一般间隙及一次性条件的严格模式匹配

柴欣,贾晓菲,武优西,江贺,吴信东. 一般间隙及一次性条件的严格模式匹配. 软件学报,  2015, 26(5):1096−1112.   (PDF) (Source codes)

摘  要:     具有间隙约束的模式匹配是序列模式挖掘的关键问题之一.一次性条件约束是要求序列中每个位置的字符最多只能使用一次,在序列模式挖掘中采用一次性条件约束更加合理.但目前间隙约束多为非负间隙,非负间隙对字符串中每个字符的出现顺序具有严格的约束,一定程度上限定了匹配的灵活性.为此本文提出了一般间隙及一次性条件的严格模式匹配问题,之后理论证明了该问题的计算复杂性为NP-Hard问题,为了对该问题进行有效求解,本文在网树结构上构建了动态更新结点信息的启发式求解算法(Dynamically Changing Node Property, DCNP),该算法动态地更新各个结点的树根路径数、叶子路径数和树根-叶子路径数等,进而每次可以获得一个较优的出现.之后迭代这一过程.为了有效地提高DCNP算法速度,避免动态更新大量的结点信息,我们提出了Checking机制,使得DCNP算法仅在可能产生内部重复出现的时候才进行动态更新.理论分析了DCNP算法的时间复杂度和空间复杂度.大量实验结果验证了DCNP算法的具有良好的求解性能.

 

Strict Pattern Matching with General Gaps and One-off Condition

Abstract:     Pattern matching with gap constraints is one of the key issues of sequential pattern mining. One-off condition which is always used in sequential pattern mining tasks means that the character of each position in the sequence can be used at most once for pattern matching. Recently, most researches focus on pattern matching with non-negative gaps, but the rule of non-negative gaps implies the character’s order in the sequence may limit the flexibility of matching. For these reasons, we propose the strict pattern matching with general gaps and one-off condition and show that this problem is NP-Hard. To handle this issue, we propose a heuristic algorithm, named Dynamically Changing Node Property (DCNP), based on Nettree which dynamically updates the properties of each node such as the numbers of root paths, leaf paths and root-leaf paths, thus we can get a better occurrence. Then we iterate the above process. To improve the speed of DCNP effectively and avoid dynamically updating information of nodes on a large scale, a checking mechanism is proposed which means that DCNP will update information of nodes only when the occurrence may have repetition.

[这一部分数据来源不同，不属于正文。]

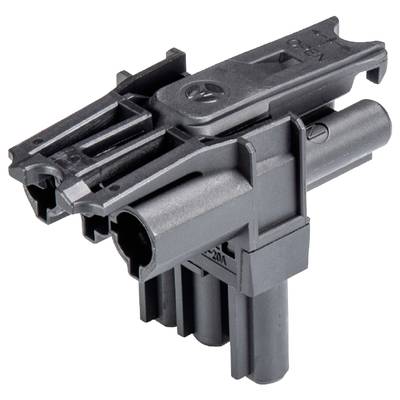 A black plastic plug with multiple pins, designed for technical applications and electrical connections.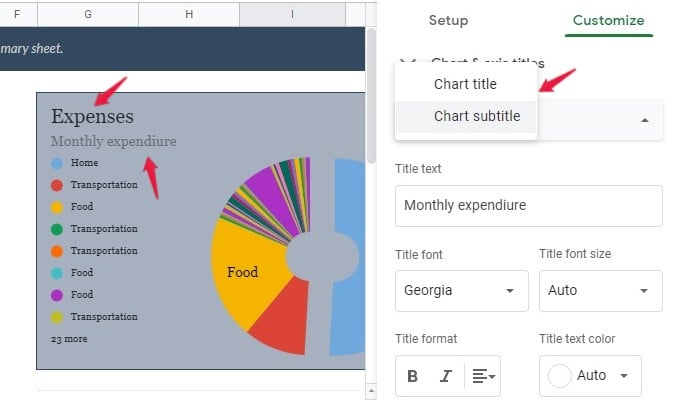 google sheets pie chart edit title and subtitle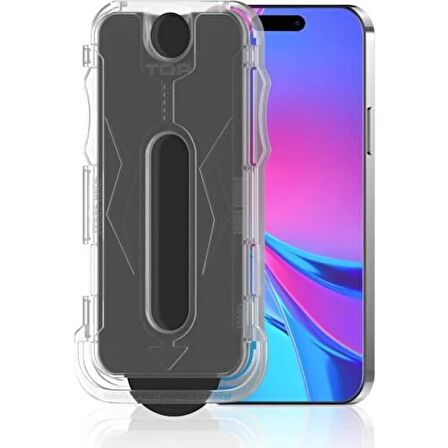 iPhone 14 Pro Max Kolay Uygulama Aparatlı Anti Statik Hayalet Cam Privacy Glass Hayalet Cam Ekran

We also theoretically analyze the space and time complexities of DCNP. Experimental results show that DCNP has better performance than other competitive algorithms.

 

 

源程序

序列串与模式串

感谢刘同学的提示,做出如下勘误:

1、原文1108页表3中P8和P9应该为:

P8=g[-1,9]t[-1,9]a[-1,9]g[-1,9]t[-1,9]a[-1,9]g[-1,9]t[-1,9]a;
P9=g[-1,7]t[-1,7]a[-1,7]g[-1,7]t[-1,7]a[-1,7]g

2、原文1109页表5中DCNP算法在P9-S1实例上结果为138.

Mining Sequential Patterns with Periodic Wildcard Gaps

Youxi Wu, Lingling Wang, Jiadong Ren, Wei Ding, Xindong Wu. Mining Sequential Patterns with Periodic Wildcard Gaps. Applied Intelligence. Volume 41, Issue 1 (2014), Page 99-116.  (PDF) (Source codes)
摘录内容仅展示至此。